▶ **WHAT TO DO**
Copying rule for the data below: take the line containing "Bild ohne Beschreibung" and every line after it to the end, exactly, and drop all pictures.

▶ **MATERIALS PROVIDED**
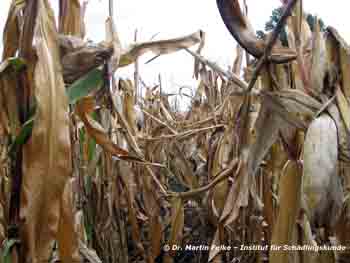 Abb. 4: Der Maiszünsler (Ostrinia nubilalis) gilt in Mitteleuropa als der gefährlichste Maisschädling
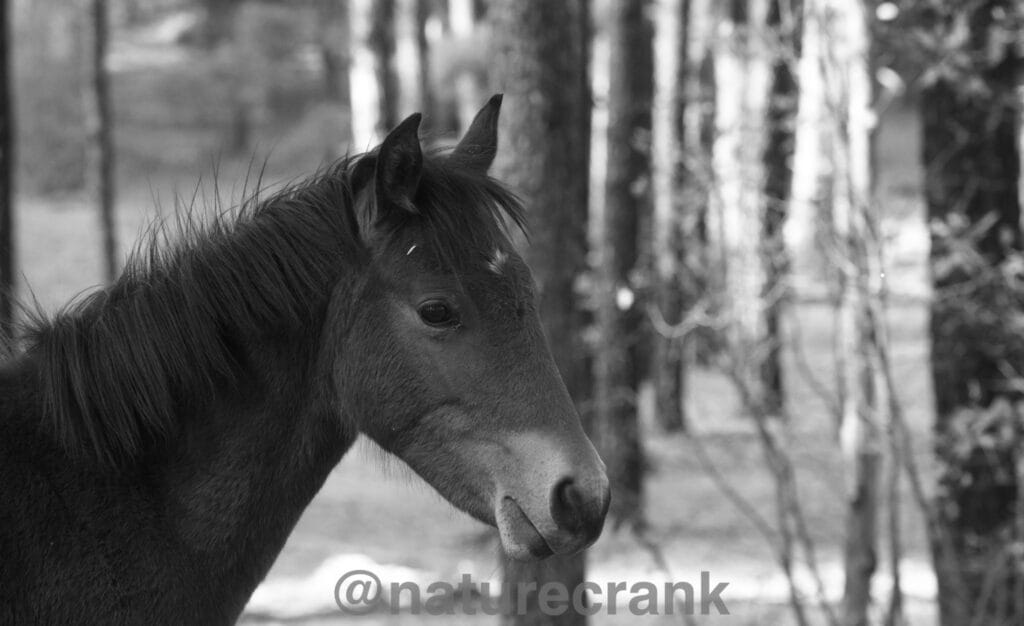 Young wild horse.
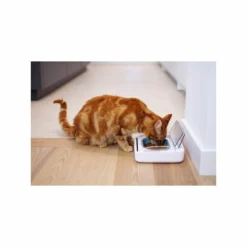 SureFeed - Luchtdichte Voerbak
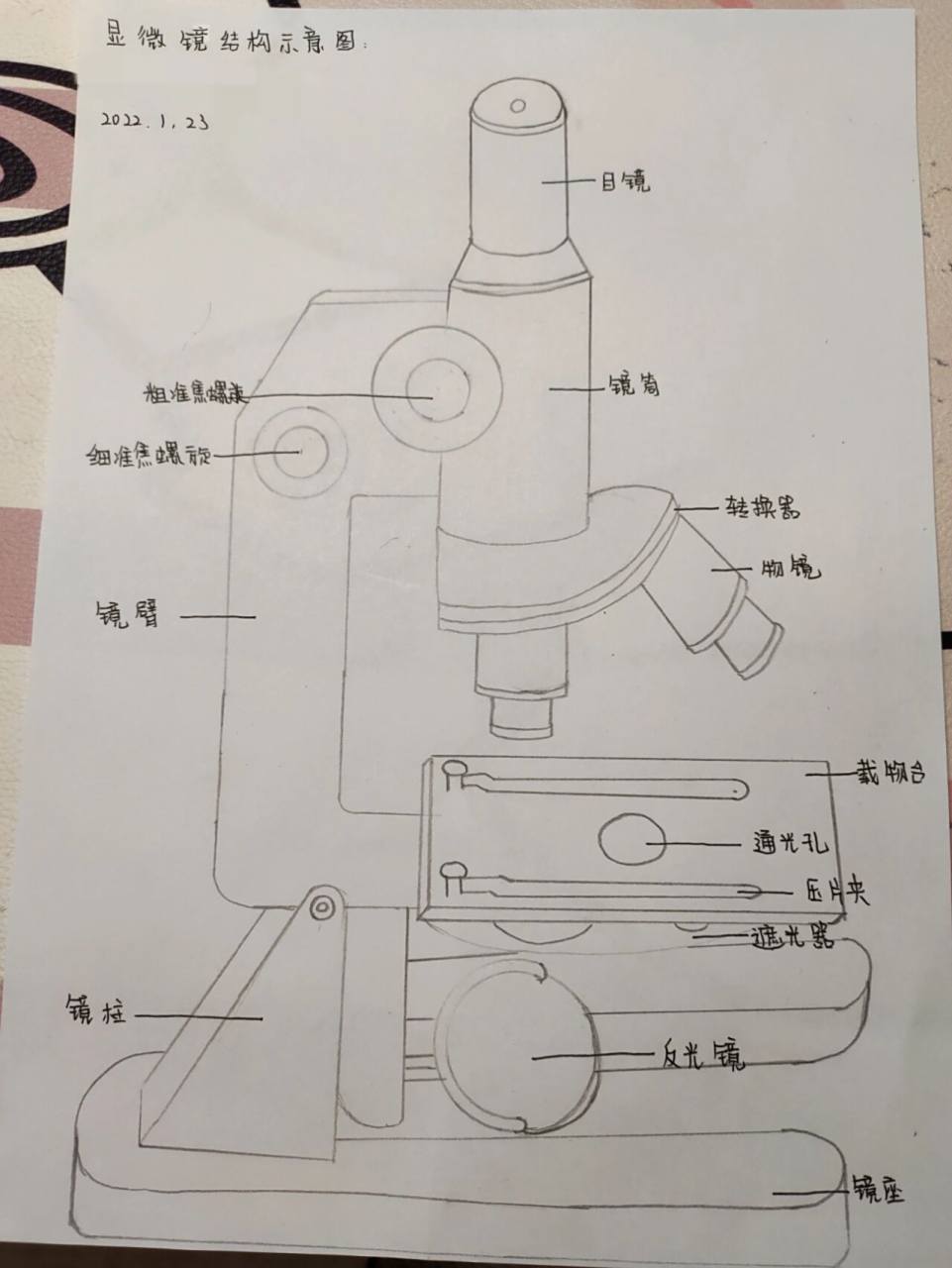 显微镜结构示意图(七上生物)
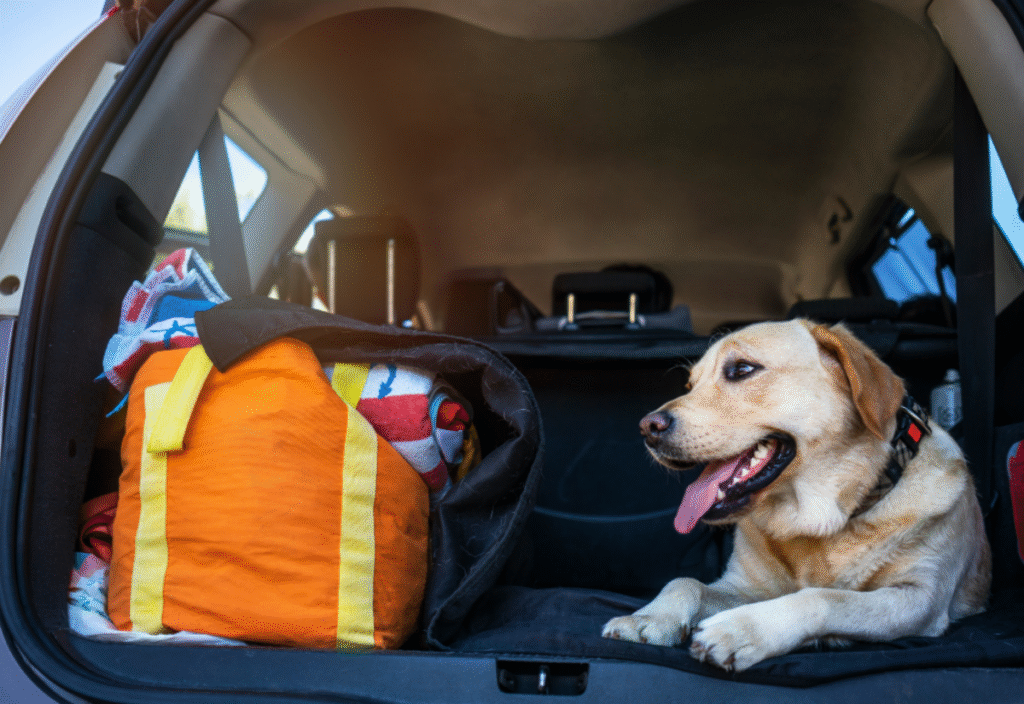 Traveling with a Senior Dog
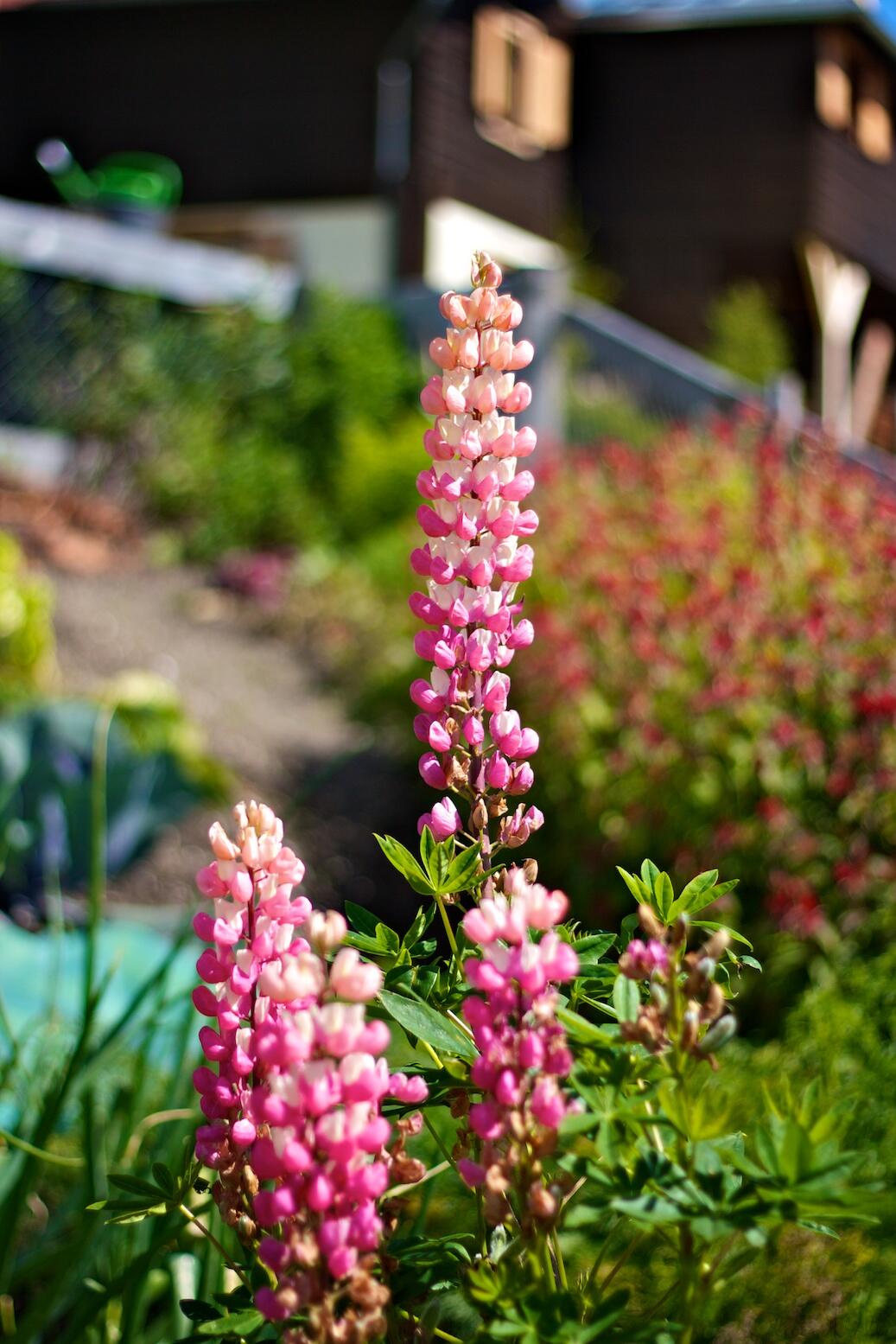 Bild ohne Beschreibung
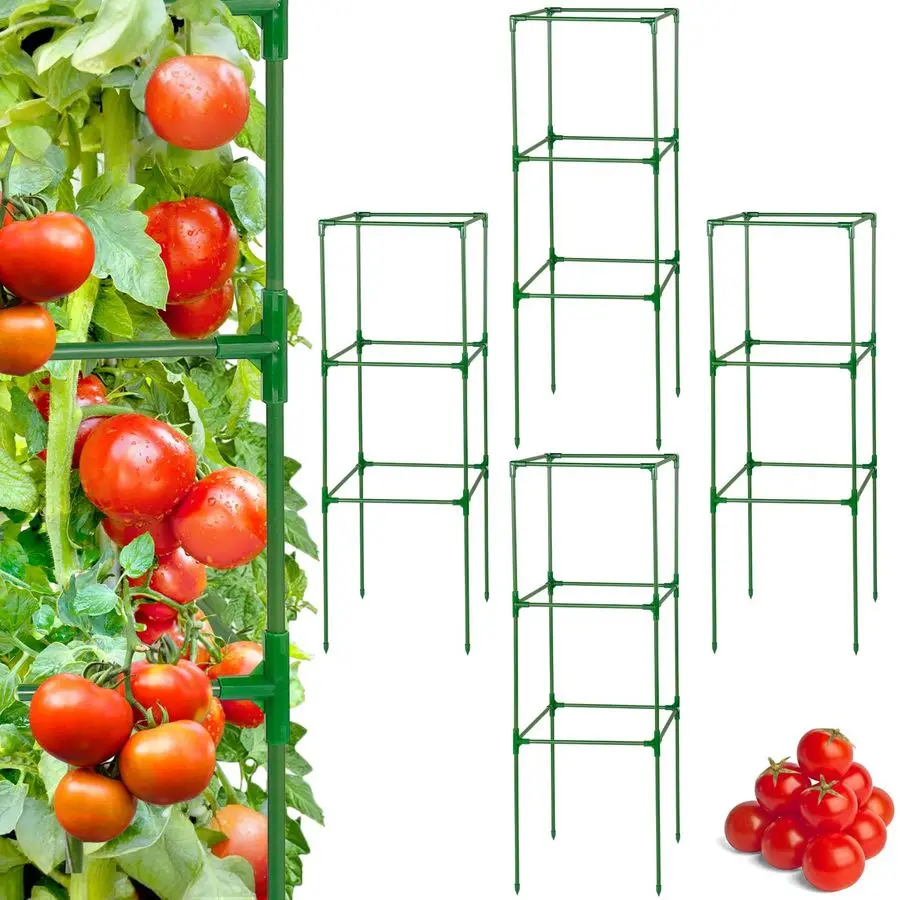 Опоры для томатов для сада, 45x14.5x14.5 дюймов, квадратные, из высокопрочной стали, для поддержки растений, опорные столбы, решетки для огурцов
Опоры для томатов для сада, 45x14.5x14.5 дюймов, квадратные, из высокопрочной стали, для поддержки растений, опорные столбы, решетки для огурцов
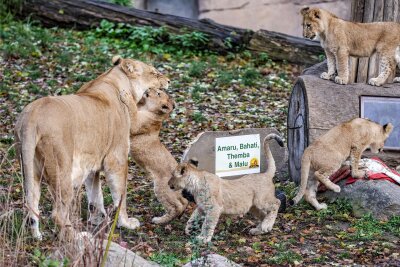 Löwenbabys getauft: Das sind die Namen der Vierlinge aus dem Leipziger Zoo - Die vier Löwenjungen im Leipziger Zoo lieben es, mit ihrer Mutter Kigali in der Löwensavanne herumzutollen.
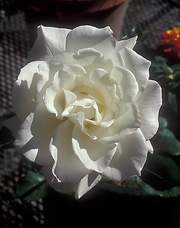 Róża wielkokwiatowa biała Pascali Large flowered white rose Pascali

▶ **RESPONSE TO THE EXERCISE**
 Bild ohne Beschreibung
 Опоры для томатов для сада, 45x14.5x14.5 дюймов, квадратные, из высокопрочной стали, для поддержки растений, опорные столбы, решетки для огурцов
Опоры для томатов для сада, 45x14.5x14.5 дюймов, квадратные, из высокопрочной стали, для поддержки растений, опорные столбы, решетки для огурцов
 Löwenbabys getauft: Das sind die Namen der Vierlinge aus dem Leipziger Zoo - Die vier Löwenjungen im Leipziger Zoo lieben es, mit ihrer Mutter Kigali in der Löwensavanne herumzutollen.
 Róża wielkokwiatowa biała Pascali Large flowered white rose Pascali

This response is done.